Data items
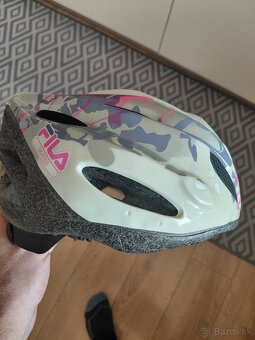 Predam cyklistické prilby - 3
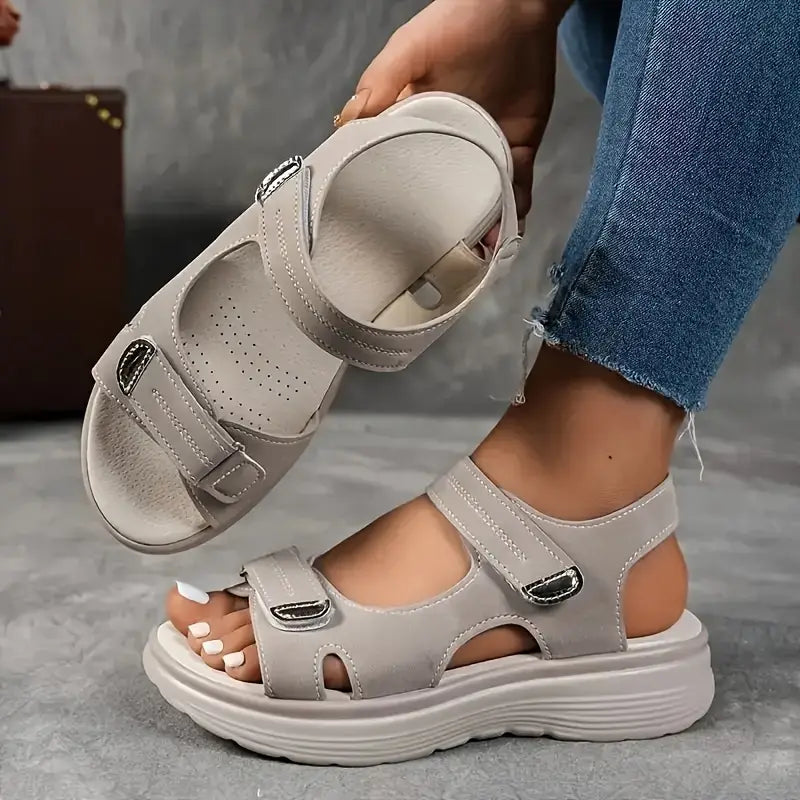 Célianne – Confortables Sandales Orthopédiques à Talon Compensé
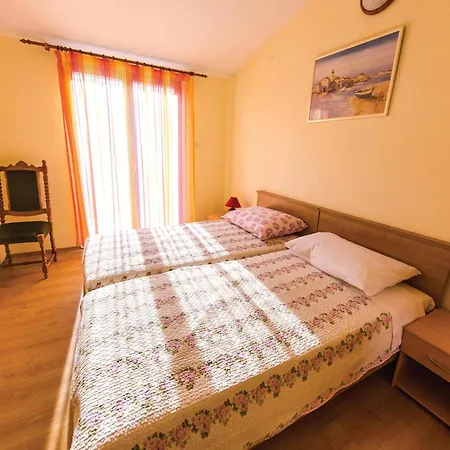 Ul Ftudmana Apartman Trogir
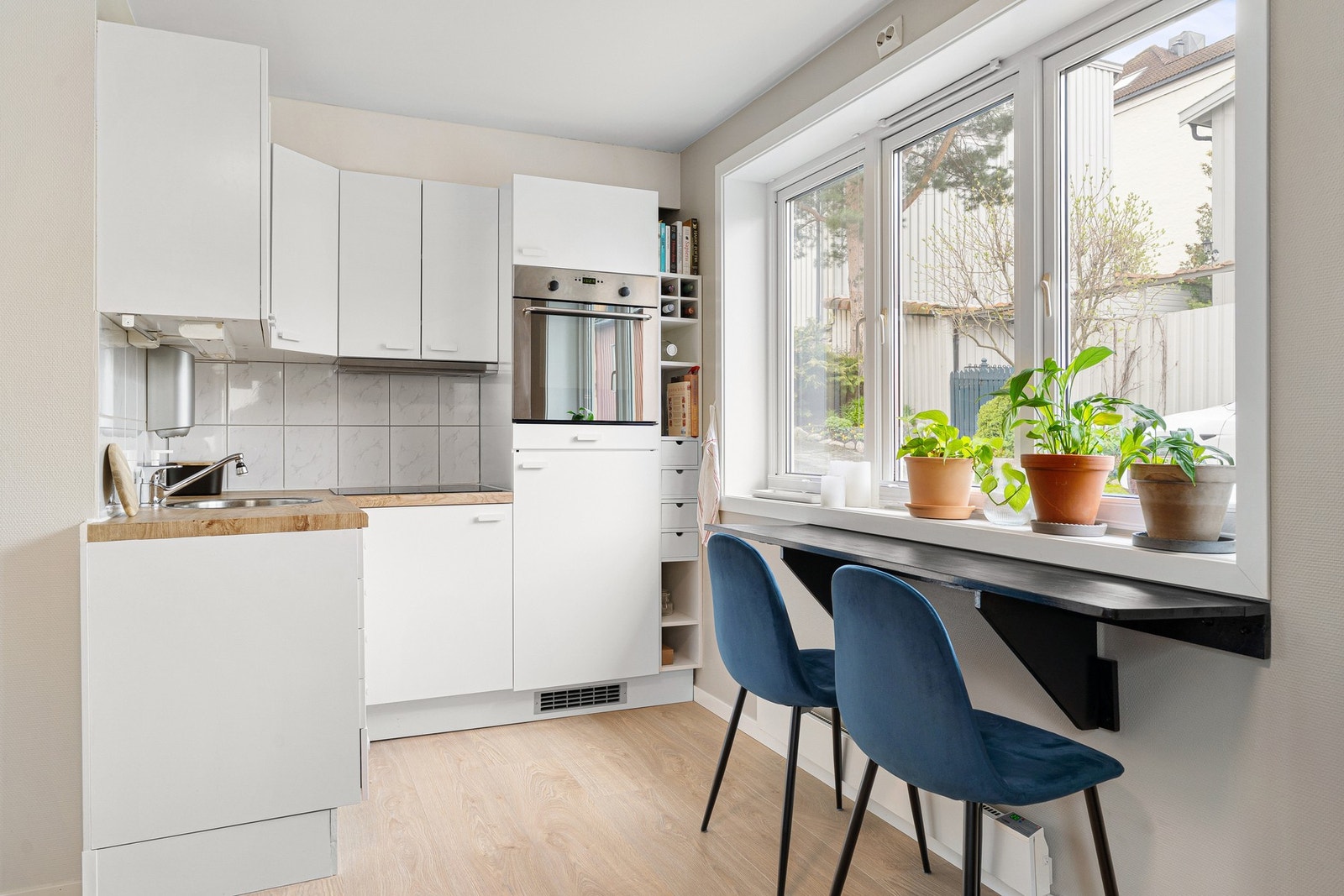 Det er laget en praktisk sittegruppe som kan legges ned. Galleribilde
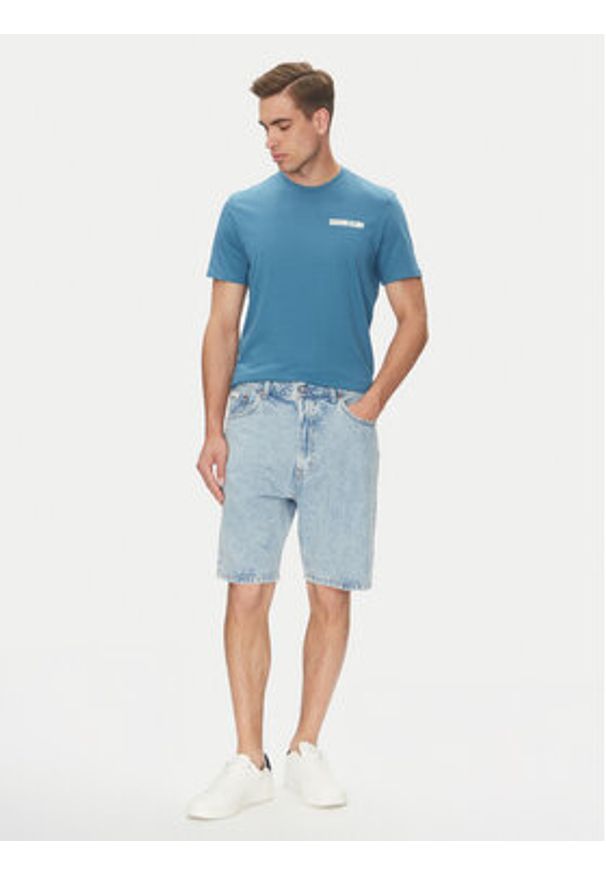 Calvin Klein Jeans T-Shirt LV04RC846G Niebieski Regular Fit. Kolor: niebieski. Materiał: bawełna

**Work instructions:**
Set down word for word every line from the line containing "Ul Ftudmana Apartman Trogir" through the last line of the entries, and nothing more; no pictures.

**Written response:**
 Ul Ftudmana Apartman Trogir
 Det er laget en praktisk sittegruppe som kan legges ned. Galleribilde
 Calvin Klein Jeans T-Shirt LV04RC846G Niebieski Regular Fit. Kolor: niebieski. Materiał: bawełna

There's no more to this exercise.